Thin Lizzy left Ireland after an afternoon gig on 3 January 1971 at the Afton Club in Dundalk, to start recording their first album in London's Decca Studios. On their way to London, Lynott met John Peel and introduced Thin Lizzy to him; within ten months Peel would be booking the group for a session on his Radio 1 show, on 12 October 1971. The band booked a guesthouse in Sussex Gardens in which to stay during the first album recording. The work began on the Monday morning and was done on Friday evening. Brian Downey says: "We got up at nine in the morning, [went] into the studio, played from about ten or half ten to eight or nine, then clocked off and went back to the guesthouse. Then we did it again, for the whole week". According to manager Brian Tuite, while working with producer Scott English, Lynott had a fight with him about the bass sound: "Philip fell out a bit with him because Scott wanted to turn down the bass. It got to the stage where I was up in the control room and Scott would say, 'Go down and tell the bass player to turn down.' He wouldn’t use the [talkback] mike because Phil wouldn't do it anyway. So I'd say to Philip, 'The Bearded One wants you to turn down the bass,' and he'd say, 'Tell that fucking Yank to piss off.' He knew full well the mike would be open."

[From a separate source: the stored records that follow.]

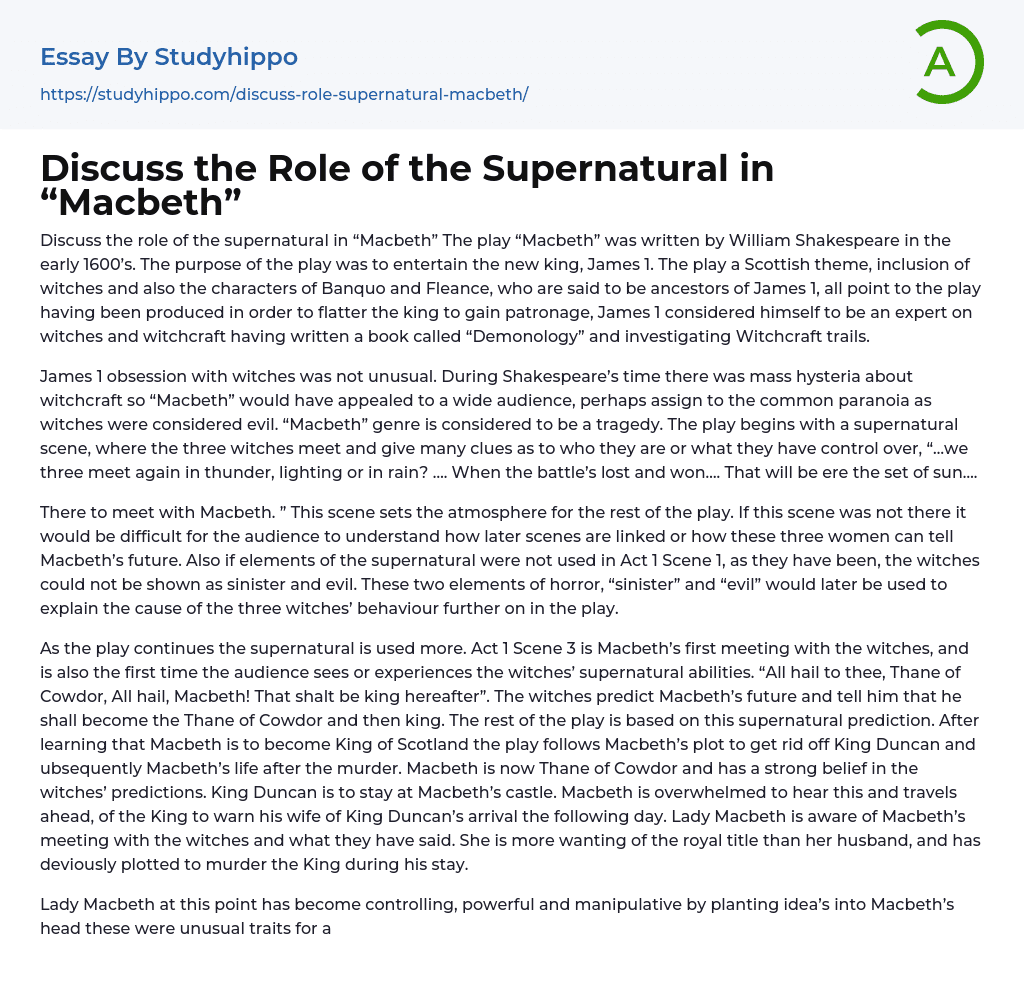 Discuss the Role of the Supernatural in “Macbeth” Essay Example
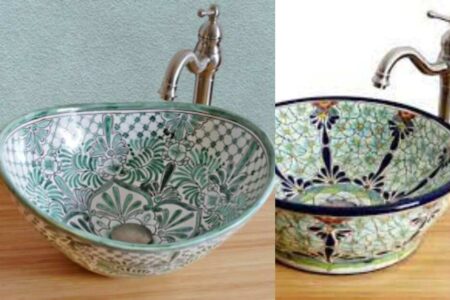 Mexican Cobalt Peacock Undermount Bathroom Sink: Handcrafted Elegance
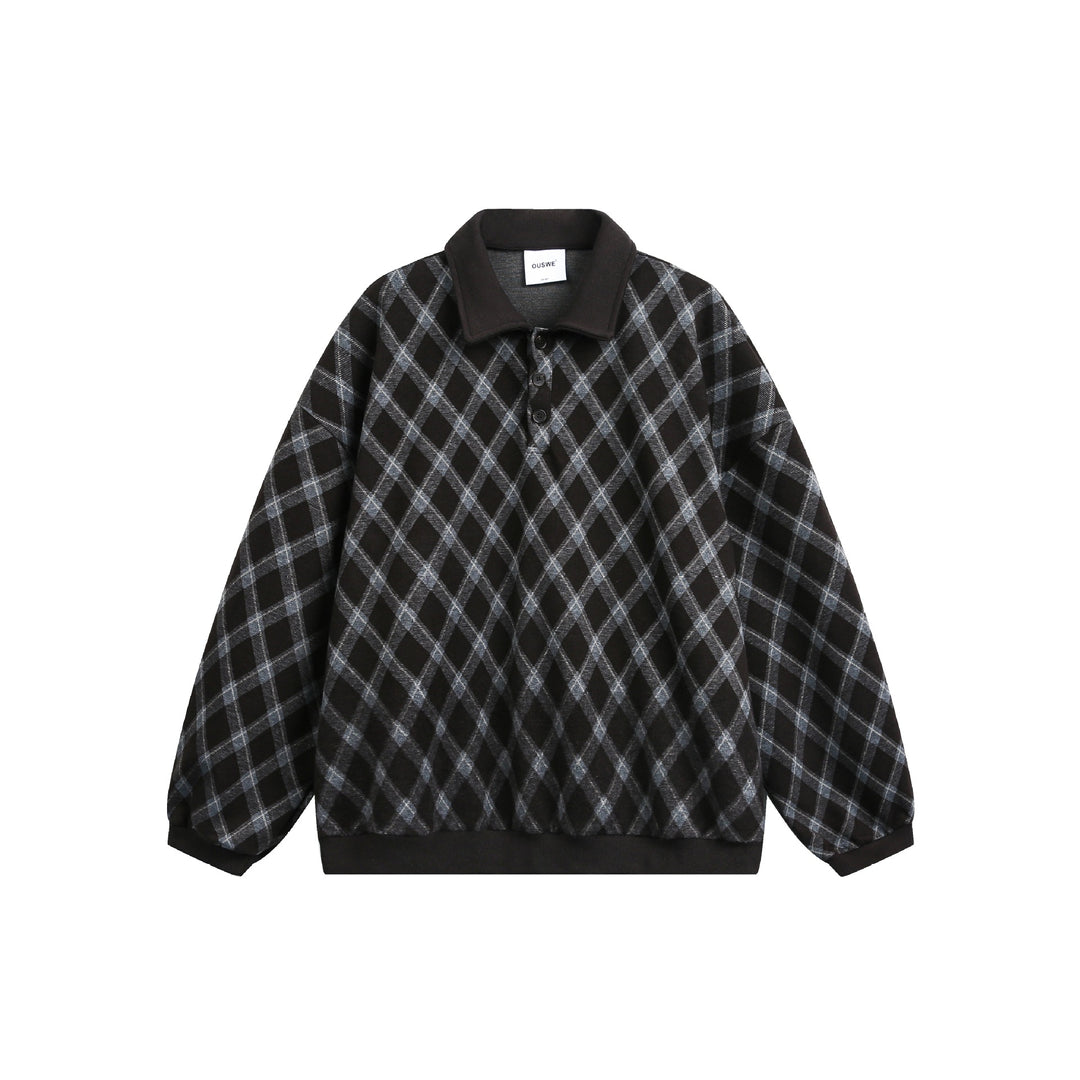 Damen Karierter Oversize‑Polo‑Pullover mit Halbknopfleiste und Rippbündchen Nord Taschen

Eric Bell explained that the band was stoned during the whole process of recording and that he doesn't remember anything from the sessions but he remembers Scott English's accompaniment with band of giving them bags of weed: "We were permanently stoned. Scott English was this jovial American guy, a nice big bloke. He had this enormous bag of grass in one of the drawers in the studio. He brought it out, threw it on the table and said, 'Help yourselves, boys!' That was it. I can’t actually remember recording the first album. I didn’t know anything until the end of the record, it was just a haze. Smoking a bit of dope and playing music went hand-in-hand for us. We were just that type of band at that point in time. It seemed to work for us, we got ideas. There was a lot of things on that album that were completely ad-libbed."

==Reception==

Eduardo Rivadavia, in a retrospective review for AllMusic, described the album as "surprisingly mellow" and wrote that a number of songs sound "confused and unfinished". However, he did describe "Look What the Wind Blew In" as a "hint of things to come", and that the bonus track "Dublin" from the "New Day" EP contained "Lynott's first great lyric". Canadian journalist Martin Popoff appreciated the experimental flavour of the album "drawing mainly from bluesy non-metal influences" and found the compositions "astonishingly well written, very Irish, very heart-felt".

Professional ratings
Review scores
| Source | Rating |
| AllMusic | Star |
| Collector's Guide to Heavy Metal | 8/10 |

==Artwork==
According to Decca's record sleeve co-ordinator, John Slater, Phil Lynott came to his office to discuss ideas for the album cover and to explain his ideas: "His first notion was for a burning hand coming out of a freshly dug grave! He wasn't interested in doing it with a cartoon twist, it had to be real life." They decided upon an American automobile theme, but failed to find the right car, so eventually chose a fish-eye photograph of the headlight of "a Vauxhall Victor or something like that." Lack of communication between Decca and Thin Lizzy resulted in the album cover initially having the wrong spelling of the band's name, showing 'Tin Lizzy'.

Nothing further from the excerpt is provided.